= Denny Dennis =

British singer (1913–1993)

Publicity flyer for Denny Dennis c. 1950

Denny Dennis (born Ronald Dennis Pountain; 1 November 1913 – 2 November 1993) was a British romantic vocalist during the 1930s to the 1950s, singing with British dance bands when they were at the peak of their popularity. He was a dance band singer, a solo recording star and a broadcaster.

==Career==
Born Ronald Dennis Pountain, in Derby, he had a job on the railways as a teenager. He was spotted by Percy Mathison Brooks, the editor of the Melody Maker, at a regional dance band contest in 1932. In time, this led to Dennis working with the Freddy Bretherton Band at the Spider's Web Roadhouse Club on the Watford bypass.

In 1933, Dennis became a featured singer in the Roy Fox band, for five years until the Fox band disbanded.

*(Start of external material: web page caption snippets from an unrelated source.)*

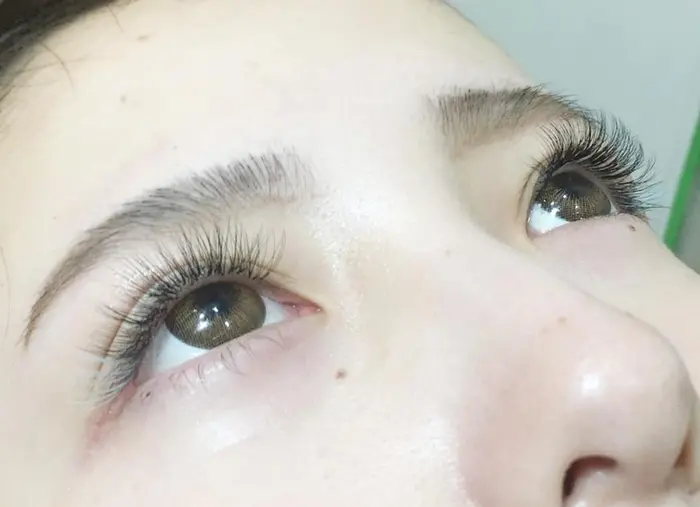 ふんわりかわいいホワイトカラーマツエク 24resort所属 24twenty Fourresortのマツエク デザイン ミニモ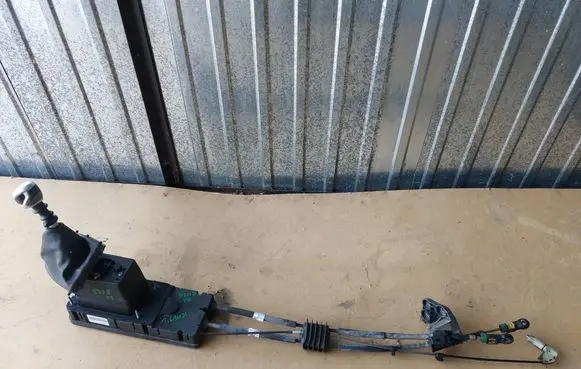 Peugeot 308 Gear shifter/selector 9802245880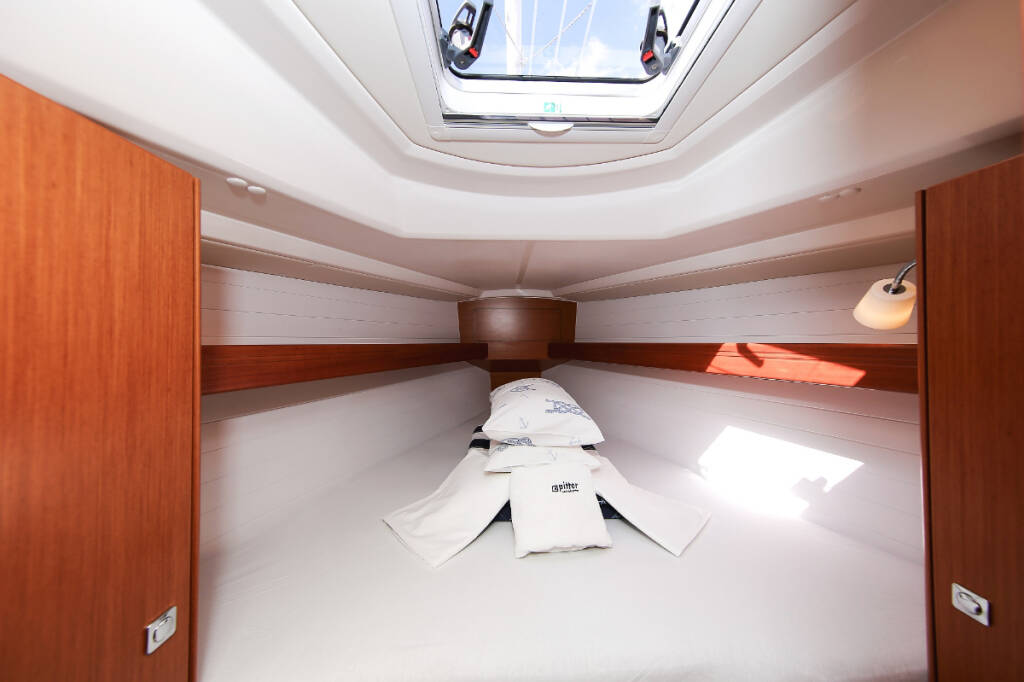 Sailing yacht Bavaria Cruiser 33 Nemo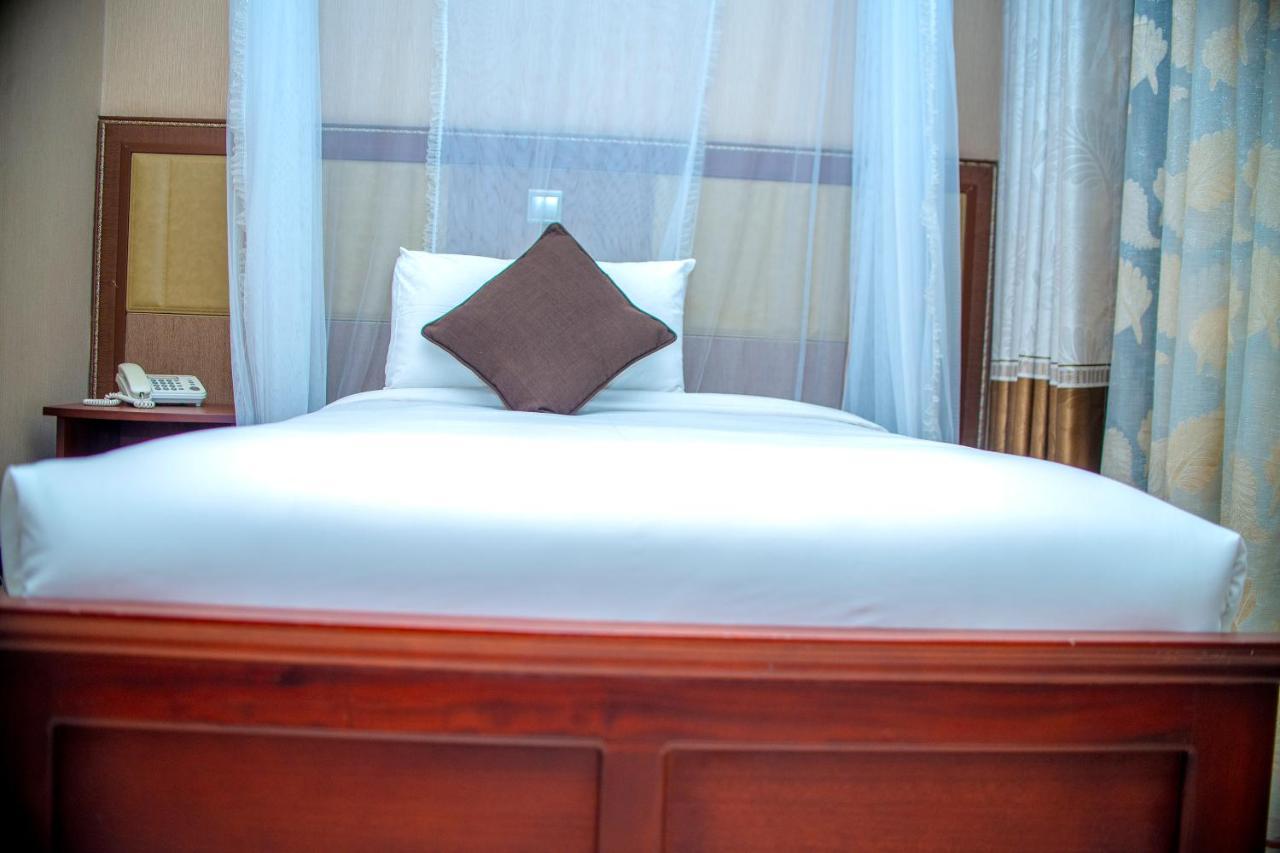 Hera Hotel Кампала Екстер'єр фото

He worked with Ambrose's orchestra for six months, until June 1939, when he decided to go solo, recording for Decca's Rex label. This soon clashed with the outbreak of the Second World War, and Dennis enlisted in the RAF in June 1940 and remained in uniform until 1945.

After the war, he made a number of recordings with Stanley Black and his orchestra and these drew him to the attention of Tommy Dorsey. In March 1948, Dennis left the UK to become the featured vocalist with the Tommy Dorsey Orchestra. He had a successful time with Dorsey with their recording of "Down by the Station" reaching the Billboard charts in 1949 and peaking in the number 11 position. In April 1949, he decided to return to England for personal reasons.

In 1950, he sponsored a close harmony singing group, the Fraser Hayes Four, who had success on radio in the 1960s. As the dance band scene declined, he found work making covers of popular songs for the budget Embassy label.

==Personal life and death==
Dennis married Betty Faye in 1938. They had one son, but the marriage was later dissolved.

He married again, to Joan Armitage in 1969; this marriage was dissolved in 1981.

Denny Dennis died in Barrow-in-Furness in November 1993, the day after his 80th birthday.